El 3 de octubre, un Perón entre cansado y taciturno fue trasladado en una lancha a motor hacia el hidroavión, que se bamboleaba a raíz del fuerte oleaje. Estuvo a punto de caer al agua cuando subía por la escalerilla del avión, pero fue sujetado a tiempo por Mario Amadeo, el nuevo canciller argentino.
No sin dificultad el hidroavión pudo despegar, luego de luchar con fuertes vientos en contra. Hasta estuvo por rozar la punta de un mástil de una embarcación. Mientras voló sobre territorio argentino, lo hizo escoltado por dos aviones de la Fuerza Aérea Argentina y, después, por dos naves paraguayas.
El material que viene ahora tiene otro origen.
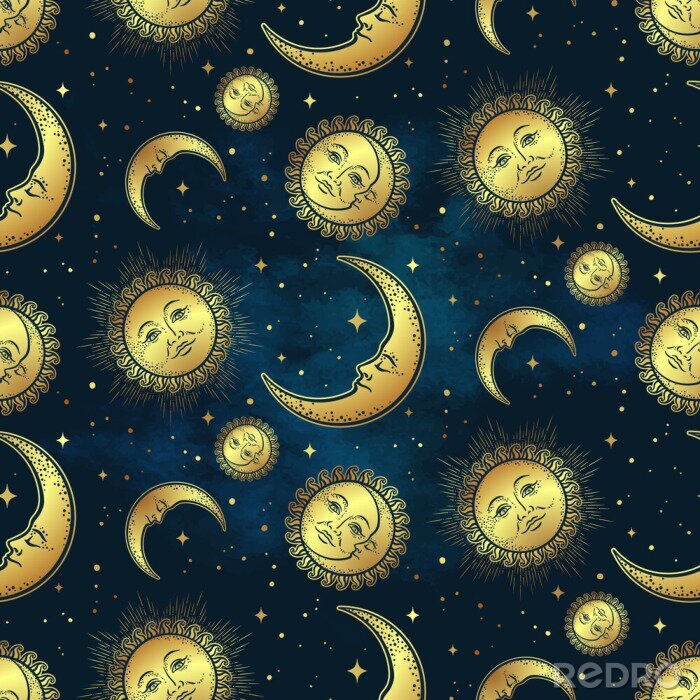 Behang Seamless pattern with gold celestial bodies - moon, sun and stars over blue night sky background. Boho chic fabric print, wrapping paper or textile design hand drawn vector illustration.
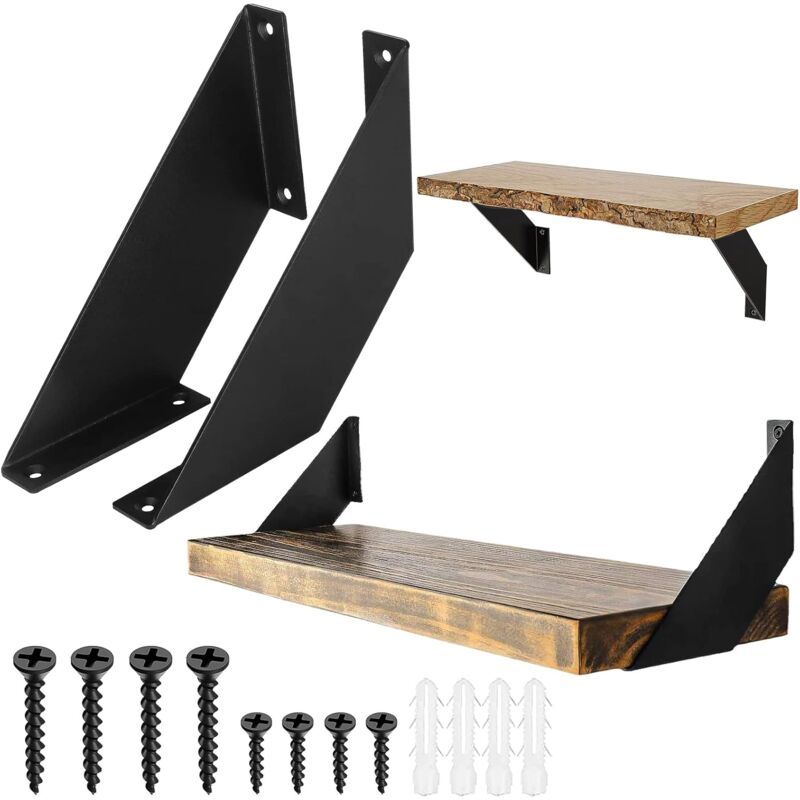 2 Pcs Heavy Duty Metal Shelf Brackets for DIY Shelves, 15 cm - Image 1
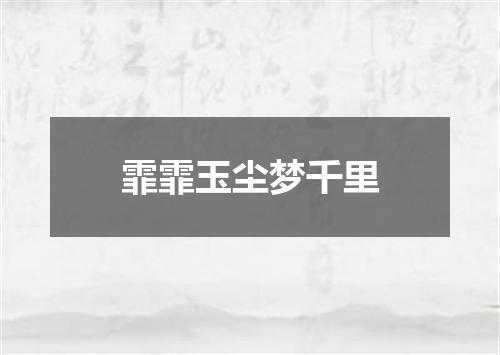 霏霏玉尘梦千里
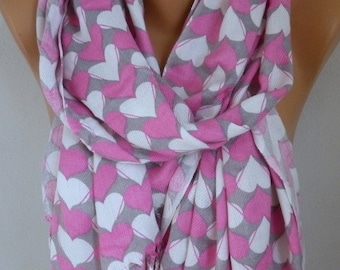 Gray & Pink White Heart Print Pashmina Scarf,Wedding Scarf,Bridesmaid Gift,Cotton Shawl Cowl Scarf Gift Ideas For Her Women Fashion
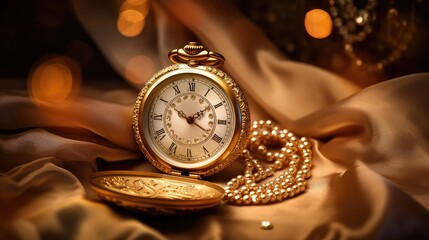 light gold pocket watch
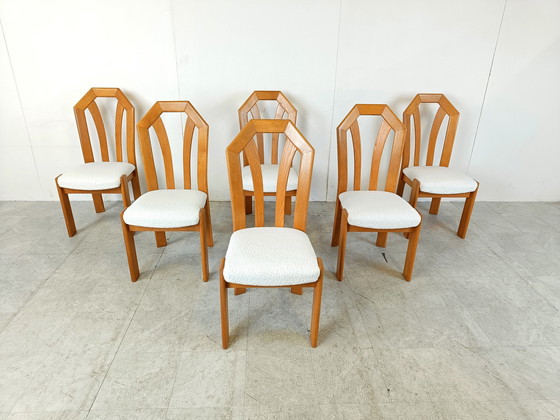 Image 1 of 6x Vintage brutalist oak dining chairs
En una de ellas viajaba como piloto el propio Stroessner. A las 16.45 horas Perón aterrizaba en Asunción.
Comenzaba un exilio de 17 años.
En 1972, regresó al país. Como presidente visitaría el Paraguay el 6 de junio de 1974 y en el puerto de Asunción, lo esperaba la vieja cañonera, rindiéndole homenaje.
Habían pasado algo más de diez años de su derrocamiento, cuando manifestó que había cometido un grave error en no haber movilizado a las fuerzas leales y ejecutar a los jefes y oficiales conspiradores. Aunque también aseguró que se había ido para evitar una guerra civil y que ocurriera algo similar a lo que se había vivido en España.
Cuando el jefe de la revolución declaró que “venimos a restaurar el imperio del derecho, sin vencedores ni vencidos”. Pero Lonardi no imaginaba que sus compañeros de armas Pedro Aramburu e Isaac Rojas tenían otros planes y el 13 de noviembre de ese año debió dejar el poder. Moriría el 22 de marzo del año siguiente.
Con Aramburu y Rojas los vientos cambiarían y habría vencedores y vencidos.